Over the summer I took two Cisco courses (thanks Philippe!) that will improve our practice.  The IT Essentials course was something I'd been looking to complete in order to give my students access to current materials.  Up until now I've been cobbling things together from books and various online sites.  It was a lot of work and constantly falling out of date.  The Cisco Net Academy course is current and covers much of what we were doing anyway, but in a concentrated and curated format that should lighten my preparation for teaching IT in junior high school classes.


Having been a certified computer technician since 2002, the IT Essentials course was review, but the other course I took was a bit more ferocious.  The CCNA Cyber Operations course is designed for cybersecurity specialists who want to get a handle on the current state of play as they begin working in cybersec.  It's a no-holds barred review of advanced networking analysis tools followed by detailed explanations of how cybersecurity has been implemented in the very networked world of 2019.  I've really enjoyed taking the course and should be wrapping it up over the next couple of weeks.  Having an understanding of best management practices in cybersec should help me coach our school teams more efficiently and effectively.  It has also handed me a plethora of current network assessment and management tools that will find their way into my senior ICT curriculum immediately!
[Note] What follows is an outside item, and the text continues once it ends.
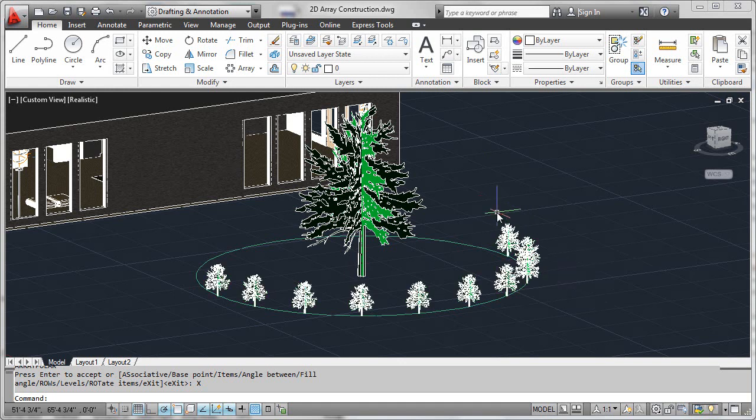You're going to see the array command starting to look and feel very much like some of the intelligent hatch functionality that you've been seeing in the last few releases of AutoCAD. So there you go—just a brief overview of how to construct and preview two-dimensional associative arrays.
2019-20 feels like it could be a banner year.  Competition is always fickle and you never know what Goliaths you'll face, but we've never had better access to the tools we need to succeed as we do now.  As long as the education system isn't thrown into an artificial crisis, we should be ready to produce an exceptional year of graduates with rich extracurricular experiences who are ready to tackle the challenging, digitally empowered 21st Century workplace.